=== Section Start ===

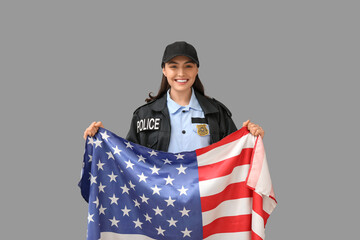 Female police officer with flag of USA on grey background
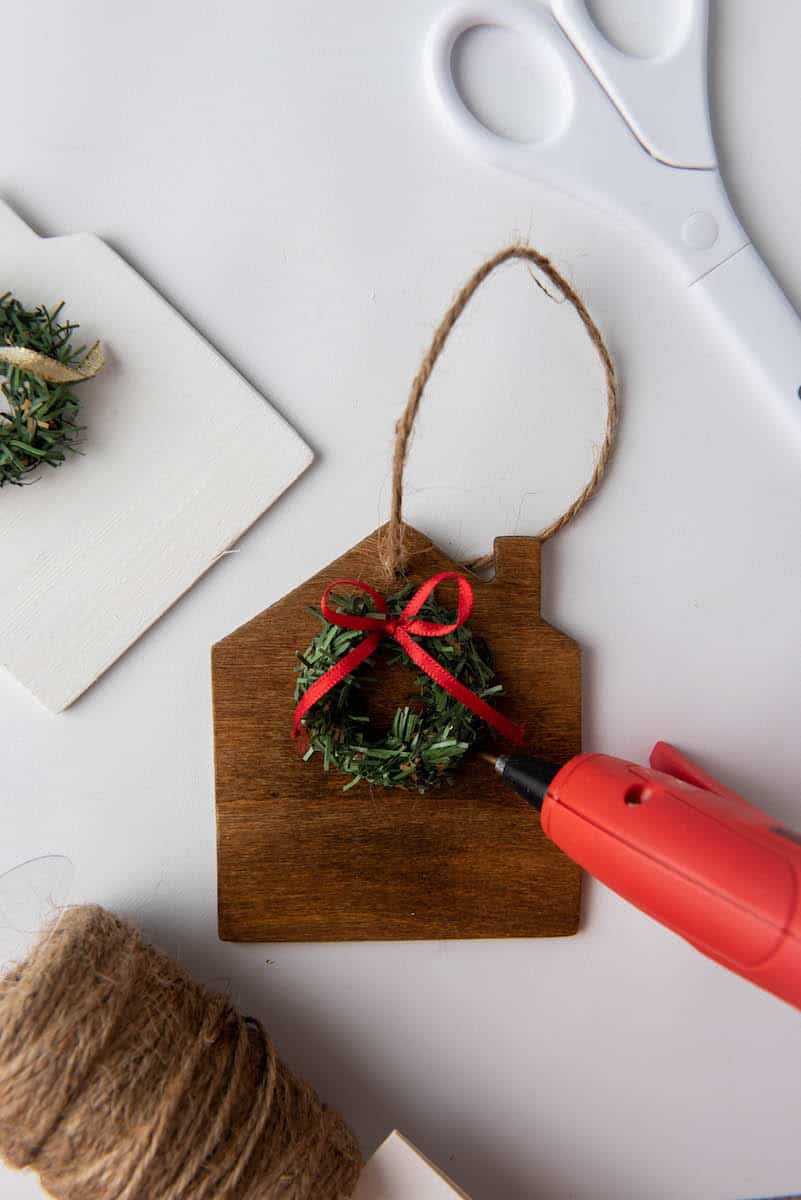 hot glueing miniature wreath to wooden house ornament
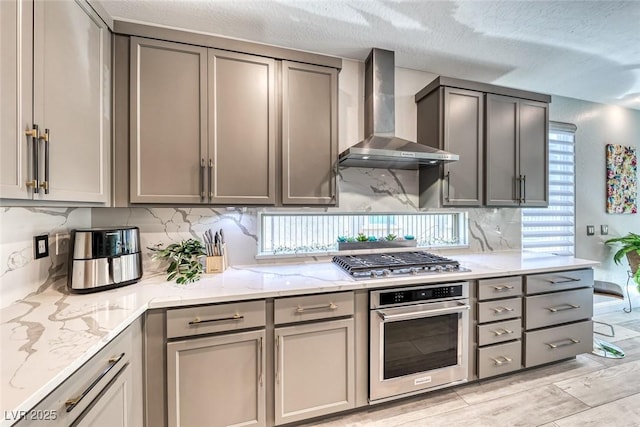 kitchen with backsplash, appliances with stainless steel finishes, gray cabinets, and wall chimney range hood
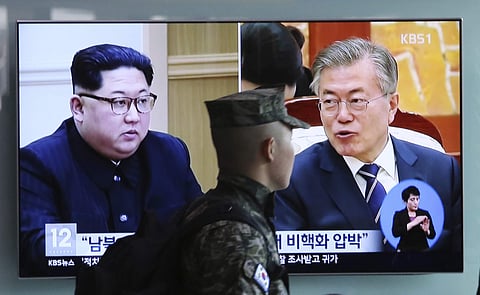 A TV screen showing file footage of S.Korea President Moon Jae-in and N.Korea leader Kim Jong Un, left, during a news program (Photo| AP)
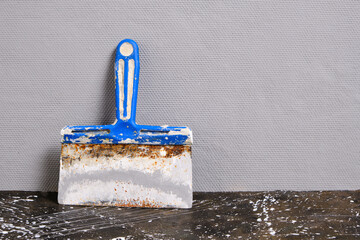 Spatula for finishing and plastering walls on a gray wall background.
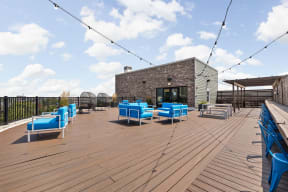 the deck on the top of the vue apartment building with blue chairs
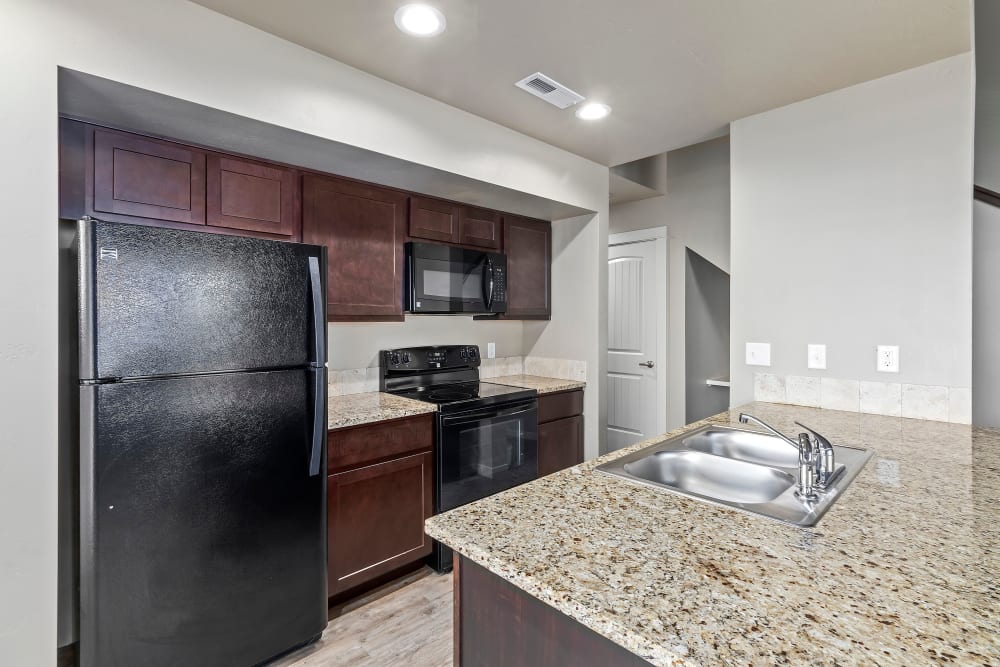 Model kitchen with granite countertops at Cedar Park & Canyon Falls Townhomes in Twin Falls, Idaho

=== Section End ===

Action item
Retype precisely, and only, the lines from the one holding "kitchen with backsplash, appliances" through the final line of the data above, with the pictures omitted.

Task output
 kitchen with backsplash, appliances with stainless steel finishes, gray cabinets, and wall chimney range hood
 A TV screen showing file footage of S.Korea President Moon Jae-in and N.Korea leader Kim Jong Un, left, during a news program (Photo| AP)
 Spatula for finishing and plastering walls on a gray wall background.
 the deck on the top of the vue apartment building with blue chairs
 Model kitchen with granite countertops at Cedar Park & Canyon Falls Townhomes in Twin Falls, Idaho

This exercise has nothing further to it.